## The problem
Below are lines of data; restate word for word those running from the line containing "Emanuele Moncini durante" to the line containing "지난 2016년 9월", inclusive, and no others.

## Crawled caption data
----

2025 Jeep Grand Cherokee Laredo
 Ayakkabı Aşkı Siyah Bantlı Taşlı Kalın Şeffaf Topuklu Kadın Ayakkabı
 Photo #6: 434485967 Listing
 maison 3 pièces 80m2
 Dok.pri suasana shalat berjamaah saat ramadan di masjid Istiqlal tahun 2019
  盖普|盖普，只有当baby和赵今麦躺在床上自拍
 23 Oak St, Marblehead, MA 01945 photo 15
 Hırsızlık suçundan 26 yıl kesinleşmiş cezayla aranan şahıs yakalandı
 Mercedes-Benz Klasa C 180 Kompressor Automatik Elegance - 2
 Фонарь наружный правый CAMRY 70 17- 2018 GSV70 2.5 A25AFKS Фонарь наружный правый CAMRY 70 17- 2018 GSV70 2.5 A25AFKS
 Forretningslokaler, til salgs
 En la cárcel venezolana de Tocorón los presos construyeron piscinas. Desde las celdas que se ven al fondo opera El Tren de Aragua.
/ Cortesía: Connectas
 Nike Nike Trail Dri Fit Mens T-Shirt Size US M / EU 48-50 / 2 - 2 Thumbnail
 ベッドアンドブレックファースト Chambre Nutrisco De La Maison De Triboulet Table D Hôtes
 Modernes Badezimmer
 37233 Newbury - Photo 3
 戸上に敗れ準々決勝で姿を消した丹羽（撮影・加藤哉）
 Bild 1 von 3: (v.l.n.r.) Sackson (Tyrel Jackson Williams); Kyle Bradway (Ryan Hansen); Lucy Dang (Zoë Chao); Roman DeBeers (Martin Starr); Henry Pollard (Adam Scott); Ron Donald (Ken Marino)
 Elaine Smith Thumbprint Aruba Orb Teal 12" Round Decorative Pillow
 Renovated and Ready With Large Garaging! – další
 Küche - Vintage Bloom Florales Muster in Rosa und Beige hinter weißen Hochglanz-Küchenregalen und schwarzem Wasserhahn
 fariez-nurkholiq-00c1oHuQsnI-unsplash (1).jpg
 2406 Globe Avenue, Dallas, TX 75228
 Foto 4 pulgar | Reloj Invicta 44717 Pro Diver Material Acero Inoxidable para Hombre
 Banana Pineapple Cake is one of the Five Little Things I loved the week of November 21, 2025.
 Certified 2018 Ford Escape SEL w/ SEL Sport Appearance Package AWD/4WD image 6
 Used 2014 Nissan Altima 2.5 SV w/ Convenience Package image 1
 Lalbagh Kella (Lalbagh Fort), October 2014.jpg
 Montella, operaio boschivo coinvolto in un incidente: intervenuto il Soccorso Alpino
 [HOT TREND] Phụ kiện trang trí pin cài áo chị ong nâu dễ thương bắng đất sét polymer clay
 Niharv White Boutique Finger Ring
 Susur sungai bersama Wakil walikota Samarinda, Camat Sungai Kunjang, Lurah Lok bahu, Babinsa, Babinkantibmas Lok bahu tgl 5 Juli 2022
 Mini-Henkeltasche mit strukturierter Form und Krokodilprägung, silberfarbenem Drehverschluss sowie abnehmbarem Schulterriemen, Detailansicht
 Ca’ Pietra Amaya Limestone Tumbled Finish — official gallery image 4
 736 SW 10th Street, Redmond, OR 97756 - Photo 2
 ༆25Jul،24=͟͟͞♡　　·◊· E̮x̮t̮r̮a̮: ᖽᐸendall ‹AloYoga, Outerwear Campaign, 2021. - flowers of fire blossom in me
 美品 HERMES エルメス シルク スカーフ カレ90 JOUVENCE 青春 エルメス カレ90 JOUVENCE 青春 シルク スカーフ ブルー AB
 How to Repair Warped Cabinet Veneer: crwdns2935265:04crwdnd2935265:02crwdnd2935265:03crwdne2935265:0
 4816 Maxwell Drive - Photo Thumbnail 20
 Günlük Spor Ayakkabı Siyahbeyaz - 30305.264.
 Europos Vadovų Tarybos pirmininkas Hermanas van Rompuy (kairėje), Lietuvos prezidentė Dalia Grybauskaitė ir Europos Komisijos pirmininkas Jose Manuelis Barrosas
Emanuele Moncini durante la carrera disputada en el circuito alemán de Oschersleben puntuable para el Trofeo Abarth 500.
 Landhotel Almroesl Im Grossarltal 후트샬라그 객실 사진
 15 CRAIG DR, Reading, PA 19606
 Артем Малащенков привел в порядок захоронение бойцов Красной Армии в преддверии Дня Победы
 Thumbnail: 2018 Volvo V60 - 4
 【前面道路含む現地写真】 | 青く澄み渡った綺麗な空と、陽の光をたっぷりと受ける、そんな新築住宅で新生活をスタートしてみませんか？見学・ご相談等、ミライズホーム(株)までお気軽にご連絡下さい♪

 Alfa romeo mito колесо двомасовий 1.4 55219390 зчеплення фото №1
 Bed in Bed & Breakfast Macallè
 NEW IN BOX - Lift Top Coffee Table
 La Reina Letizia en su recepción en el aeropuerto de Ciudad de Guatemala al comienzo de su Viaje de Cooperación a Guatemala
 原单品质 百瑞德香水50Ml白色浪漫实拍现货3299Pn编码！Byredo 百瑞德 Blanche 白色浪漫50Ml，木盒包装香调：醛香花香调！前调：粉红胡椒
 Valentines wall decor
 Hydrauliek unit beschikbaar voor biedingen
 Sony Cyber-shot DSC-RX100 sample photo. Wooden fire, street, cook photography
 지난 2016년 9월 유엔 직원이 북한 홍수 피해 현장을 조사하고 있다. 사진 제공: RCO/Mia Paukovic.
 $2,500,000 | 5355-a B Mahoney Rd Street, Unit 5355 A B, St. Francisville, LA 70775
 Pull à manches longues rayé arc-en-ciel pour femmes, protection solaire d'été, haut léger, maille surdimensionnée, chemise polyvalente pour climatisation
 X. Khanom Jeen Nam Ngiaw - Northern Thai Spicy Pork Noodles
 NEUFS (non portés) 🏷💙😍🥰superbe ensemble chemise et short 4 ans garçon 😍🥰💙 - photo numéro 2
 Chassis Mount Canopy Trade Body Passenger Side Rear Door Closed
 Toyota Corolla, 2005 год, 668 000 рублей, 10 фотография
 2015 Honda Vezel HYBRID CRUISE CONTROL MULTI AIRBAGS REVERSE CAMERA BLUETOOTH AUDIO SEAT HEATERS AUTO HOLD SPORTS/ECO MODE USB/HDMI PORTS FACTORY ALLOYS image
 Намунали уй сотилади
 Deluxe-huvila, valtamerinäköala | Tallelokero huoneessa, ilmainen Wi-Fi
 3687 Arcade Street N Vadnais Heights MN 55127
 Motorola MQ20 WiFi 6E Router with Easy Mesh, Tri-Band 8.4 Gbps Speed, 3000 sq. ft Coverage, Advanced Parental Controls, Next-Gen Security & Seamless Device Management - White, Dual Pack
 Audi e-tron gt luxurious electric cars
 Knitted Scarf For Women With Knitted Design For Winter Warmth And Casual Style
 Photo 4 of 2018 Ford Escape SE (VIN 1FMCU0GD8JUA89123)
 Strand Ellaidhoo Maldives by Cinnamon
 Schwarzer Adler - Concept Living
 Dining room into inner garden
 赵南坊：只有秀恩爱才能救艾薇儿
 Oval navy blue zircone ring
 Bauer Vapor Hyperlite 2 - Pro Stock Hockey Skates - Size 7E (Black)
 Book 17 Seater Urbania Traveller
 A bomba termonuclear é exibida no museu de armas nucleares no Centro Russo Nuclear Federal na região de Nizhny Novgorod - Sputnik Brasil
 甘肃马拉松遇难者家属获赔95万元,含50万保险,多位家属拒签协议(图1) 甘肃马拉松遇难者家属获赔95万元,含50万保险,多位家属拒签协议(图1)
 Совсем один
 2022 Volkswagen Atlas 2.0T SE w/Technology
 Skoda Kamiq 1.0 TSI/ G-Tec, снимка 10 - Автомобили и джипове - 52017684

----

## Solution to this task
Emanuele Moncini durante la carrera disputada en el circuito alemán de Oschersleben puntuable para el Trofeo Abarth 500.
 Landhotel Almroesl Im Grossarltal 후트샬라그 객실 사진
 15 CRAIG DR, Reading, PA 19606
 Артем Малащенков привел в порядок захоронение бойцов Красной Армии в преддверии Дня Победы
 Thumbnail: 2018 Volvo V60 - 4
 【前面道路含む現地写真】 | 青く澄み渡った綺麗な空と、陽の光をたっぷりと受ける、そんな新築住宅で新生活をスタートしてみませんか？見学・ご相談等、ミライズホーム(株)までお気軽にご連絡下さい♪

 Alfa romeo mito колесо двомасовий 1.4 55219390 зчеплення фото №1
 Bed in Bed & Breakfast Macallè
 NEW IN BOX - Lift Top Coffee Table
 La Reina Letizia en su recepción en el aeropuerto de Ciudad de Guatemala al comienzo de su Viaje de Cooperación a Guatemala
 原单品质 百瑞德香水50Ml白色浪漫实拍现货3299Pn编码！Byredo 百瑞德 Blanche 白色浪漫50Ml，木盒包装香调：醛香花香调！前调：粉红胡椒
 Valentines wall decor
 Hydrauliek unit beschikbaar voor biedingen
 Sony Cyber-shot DSC-RX100 sample photo. Wooden fire, street, cook photography
 지난 2016년 9월 유엔 직원이 북한 홍수 피해 현장을 조사하고 있다. 사진 제공: RCO/Mia Paukovic.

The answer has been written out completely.